August 1st, 2013

By 

 

Abhinav Ajgaonkar: CTO at Crowd Riff

Brady Gentile: Community Manager at DataStax

 

Brady: Today we have Abhinav Ajgaonkar, CTO of CrowdRiff. Hi Abhinav – to start things off, what does Crowdriff do?

 

Abhinav: Crowd Riff’s main product is our social scoring platform. We help brands analyze their communities by scoring and segmenting their audience on social networks like Twitter, Facebook and Instagram.

 

Brady: So, how does the Cassandra fit into the mix of what it is you’re doing at CrowdRiff?

 

Abhinav: We gather activities of users across all social networks push them into a distributed graph database called Titan.
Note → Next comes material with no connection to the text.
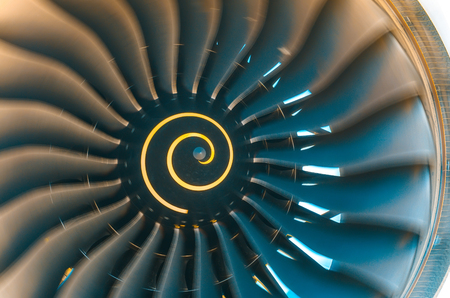 Background turbine blades rotate jet engine aircraft close upの写真素材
Titan supports three storage backends: Apache HBase, Oracle BerkleyDB and Apache Cassandra. We’ve chosen to go with option number 3.

 

Brady: Why did you pick Apache Cassandra and were there other technologies that you evaluated it against or that you migrated from?

 

Abhinav: We are currently in the process of moving away from MongoDB. As we were planning the current iteration of the product, we realized that a graph database would be an excellent fit for our data model. We tested Neo4j, Titan and a couple of other graph databases. With Titan, we tried both HBase and Cassandra and concluded that Cassandra was the best fit for our use case. 

 

Brady: How has the transition been for you, going from MongoDB to Cassandra?

 

Abhinav: It’s been painless. “Excellent” would be another way to describe it.

 

Brady: We are beginning to see several MongoDB to Cassandra migrations in the community. Is there any advice that you might give someone who’s trying to do their own migration from Mongo to Cassandra at the moment?

 

Abhinav: The only thing that took some getting used to was the inability to nest data as deeply as you could with Mongo. That being said, if you’re nesting four levels deep, it’s probably not a good idea and you may want to rethink your data model.  The main difference from an Ops perspective is the sheer stability of a Cassandra cluster versus other systems that have run in a “single master” setup. Another huge bonus for us was the ability to add nodes to the cluster and have the storage, throughput and replication scale linearly.

 

Brady: What does your deployment look like?  

 

Abhinav: We’ve started with a 3-node cluster each with a single 8-core Intel Haswell CPU, 32GB of RAM and 2x2TB spinning disks in RAID 1. This setup is able to serve upwards of eighteen thousand reads per second without breaking a sweat.

 

Brady: Do you have any experience with the Apache Cassandra community, the Apache mailing list or Planet Cassandra or meetup groups?

 

Abhinav: I’ll be attending the inaugural meet-up scheduled by the Toronto Cassandra Users group in the first week of August. Other than that, I haven’t had a reason to post on the mailing list, because the documentation and blog posts I’ve come across have been amazing. I haven’t had any questions that I couldn’t answer by reading the DataStax documentation.    

 

Brady: Excellent.  That’s really good to hear that the docs have been working out well for you and exciting that you’ll be at the first Toronto Cassandra Users Group meet-up.

 

Abhinav: Looking forward to it.  

 

Brady: In the future maybe CrowdRiff could come and present to the group and share their experience as well.  

 

Abhinav: Absolutely.

 

Brady: Abhinav, thanks so much for joining us and is there anything else that you’d like to add?

 

Abhinav: Initially, I’m not sure why, but I was under the impression that Cassandra would be really difficult to setup and run. Turns out, its quite the opposite. If you decide to give it a shot and dive in, I think you’ll be pleasantly surprised.

 

Brady: Good advice.  All right, thanks so much, Abhinav.